At the end of the trading period, some merchandise purchased earlier in the year may not have been sold, and are still on hand. The stock in hand at the end of the trading period is known as closing stock or ending inventory.

The closing stock should be evaluated carefully because the amount of closing stock or ending inventory materially affects the trading results of the business. In order to ensure that the income statement is correct, we must consider the value of the closing inventory of merchandise.

The value of merchandise remaining unsold at the end of the trading period represents an asset of the business.


Suppose that a firm’s unsold stock at the end of the year is valued at $20,000.

Accounting Treatment

The unsold stock has the following aspects:

Firstly, the unsold stock is left out of the opening stock and purchases that have already been recorded on the debit side of the trading account.

Therefore, to match the cost price and sales revenue of the same number of units, the unsold stock is recorded on the credit side of the trading account.

Secondly, the unsold stock will be sold in the next year. That’s to say, its benefit will be available in the next year, which means that it should be treated as an asset of the current year. As a result, it is recorded on the assets side of the balance sheet.

To reduce the expense on the merchandise inventory, the income statement should receive credit and a corresponding debit should be made to an asset merchandise inventory.
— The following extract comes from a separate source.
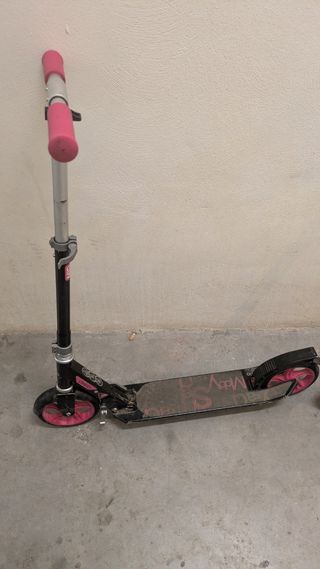 Patinete Oxelo Moby Decathlon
Effect on Financial Statement

The amount of closing merchandise inventory is deducted from the cost of goods available for sale in the income statement. Also, the same amount is recorded as a current asset in the balance sheet. This adjustment affects the income statement and balance sheet as follows:

Adjusting Entry

Adjusting Entry for Closing Stock or Ending Inventory
Adjusting Entry for Trading Account
Adjusting Entry for Balance Sheet

Frequently Asked Questions

What is closing stock or ending inventory?

Closing stock or ending inventory is the stock of inventory which a business has left over at the end of its accounting period, and it includes merchandise that was received for sale but not sold during that period. It can be positive or negative depending on whether there is more merchandise than what had been sold in the accounting period. It is also known as stock in hand or stock on hand.

How is closing stock or ending inventory computed?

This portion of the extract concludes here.